Perché attivare il Mes è l'antitesi del "più Europa"


di Paolo Desogus*

Domani avrà luogo un nuovo incontro del Consiglio europeo. La partita si giocherà soprattutto sugli eurobond. Il MES, è cosa fatta, piaccia o no. Ma al di là di questi due specifici temi credo che la posta in gioco non riguarderà solo i provvedimenti per fronteggiare la pesantissima crisi economica che sta colpendo l'Italia e molti altri paesi. Ma avrà a che fare con l'idea di Europa promossa dai singoli stati. A questo proposito le posizioni in campo sono paradossali o almeno possono apparire paradossali se viste dalla prospettiva dell'Italia, paese in cui si crede a Babbo natale e alla scie chimiche.
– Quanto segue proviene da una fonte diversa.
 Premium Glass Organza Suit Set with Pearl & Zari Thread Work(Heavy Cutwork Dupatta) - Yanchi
La via del MES che ha promosso la Germania e che è difesa nel nostro paese dagli europeisti è la via meno favorevole all'integrazione europea. È la via che promuove lo status quo: di fatto è la meno europeista. E dico questo al di là delle condizionalità più o meno severe che accompagnano questo strumento di prestito e di creazione tutelata del debito. Il MES infatti non impegna la comunità degli stati europei a integrare i bilanci nazionali. La sua funzione è coerente con l'impianto che immagina l'Europa come il campo di competizione tra stati nazionali nel quadro delle regole di Maastricht. Non solo dunque non unisce, ma anzi divide gli stati membri.
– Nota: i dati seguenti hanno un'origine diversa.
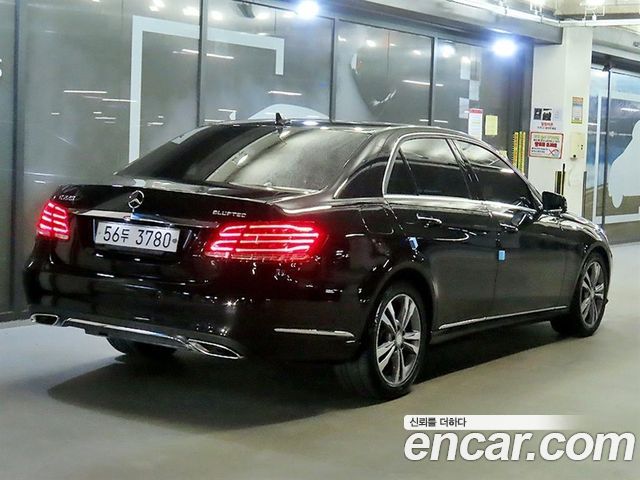 Mercedes-Benz E-Class (W212) E220 Bluetec Avantgarde 2015 — фото 4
Come definire allora chi dice che "ci vuole più Europa" e chiede che l'Italia entri nel MES: disonesto? Imbecille? Fate voi. Il paradosso di questa fase è che le proposte più europeiste vengono in realtà dai settori più critici dell'UE, i quali attraverso semplici verità intendono smascherare l'impianto ideologico ordoliberista che schiaccia gli stati più deboli e avvantaggia quelli più ricchi, anzi quello più ricco: la Germania; agli altri - Francia inclusa - vanno le solo briciole e talvolta anche qualche osso, come oggi con l'Ungheria. Gli eurobond (chiesti dai 5 stelle) e la trasformazione della BCE in vera banca centrale, cioè in prestatore di ultima istanza, sono le uniche vere proposte in favore dell'integrazione, perché obbligano gli stati a mettere in comune parti del loro bilancio e a rivedere la fiscalità in senso europeo. Naturalmente la stampa italiana e gli imbecilli di varia natura le giudicano misure "populiste" e "sovraniste", senza naturalmente spiegare il perché: ripetono a pappagallo la voce di chi tiene le fila del gigante burocratico e ideologico chiamato UE, progettato per essere proprio il contrario di quello che loro auspicano.
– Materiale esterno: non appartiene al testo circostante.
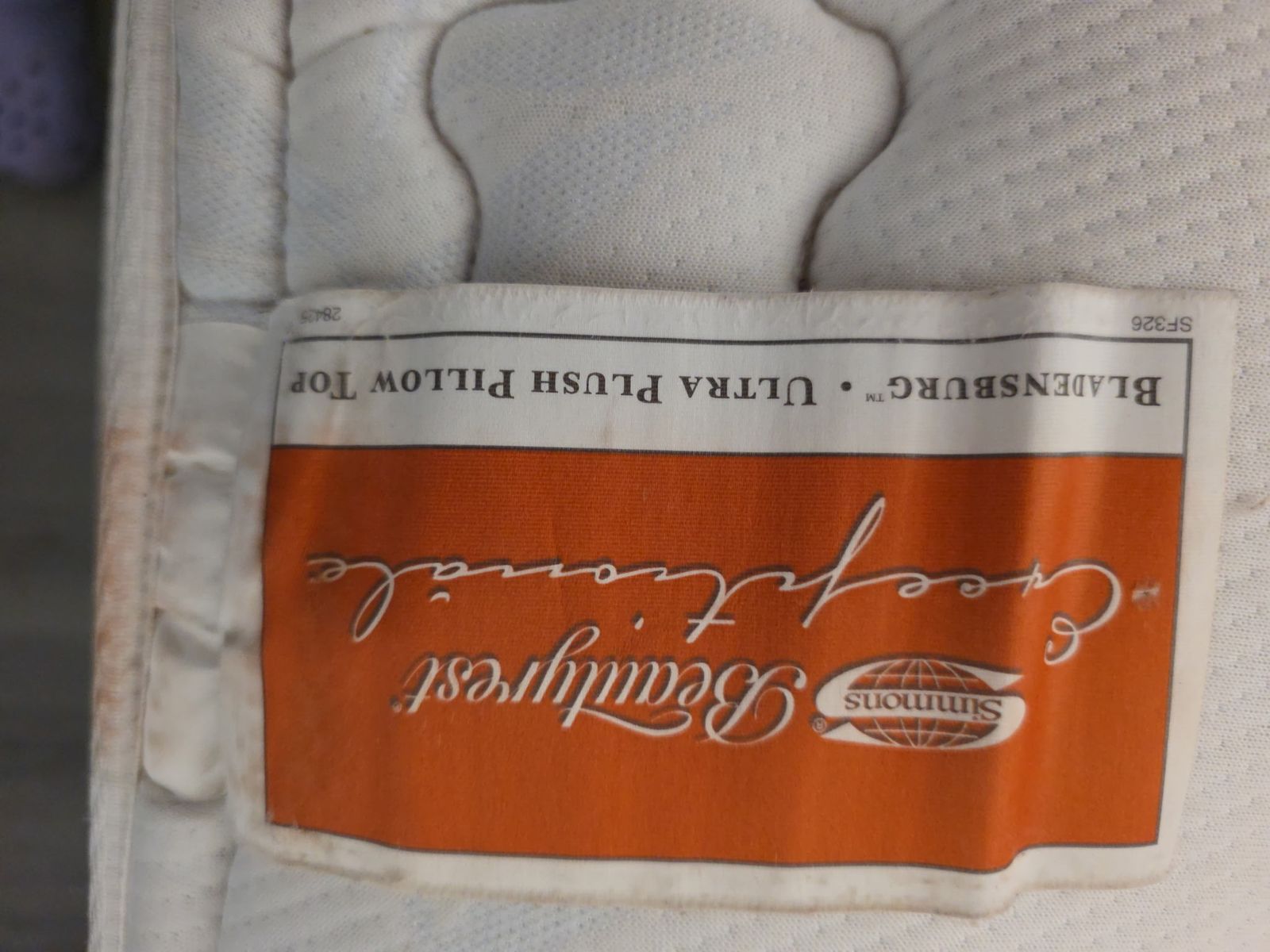 Simmons king mattress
Sono persino scuse quelle sull'impossibilità di emettere bond, dal momento che i paesi europei ben prima dell'Unione hanno emesso titoli con garanzie comuni. C'era più solidarietà e reale spirito europeista con la CEE che oggi con l'UE. Al di là delle idiozie che si leggono in giro, quello che oggi manca è la volontà politica generale di fare l'Europa. E del resto se neanche nelle attuale situazione si riesce a trovare un tavolo di intesa comune sull'integrazione, allora vuol dire che gli Stati uniti d'Europa solo sono una gigantesca bufala al pari della quale persino le scie chimiche e la teoria dei rettiliani appaiono più sensate. Vedremo giovedì.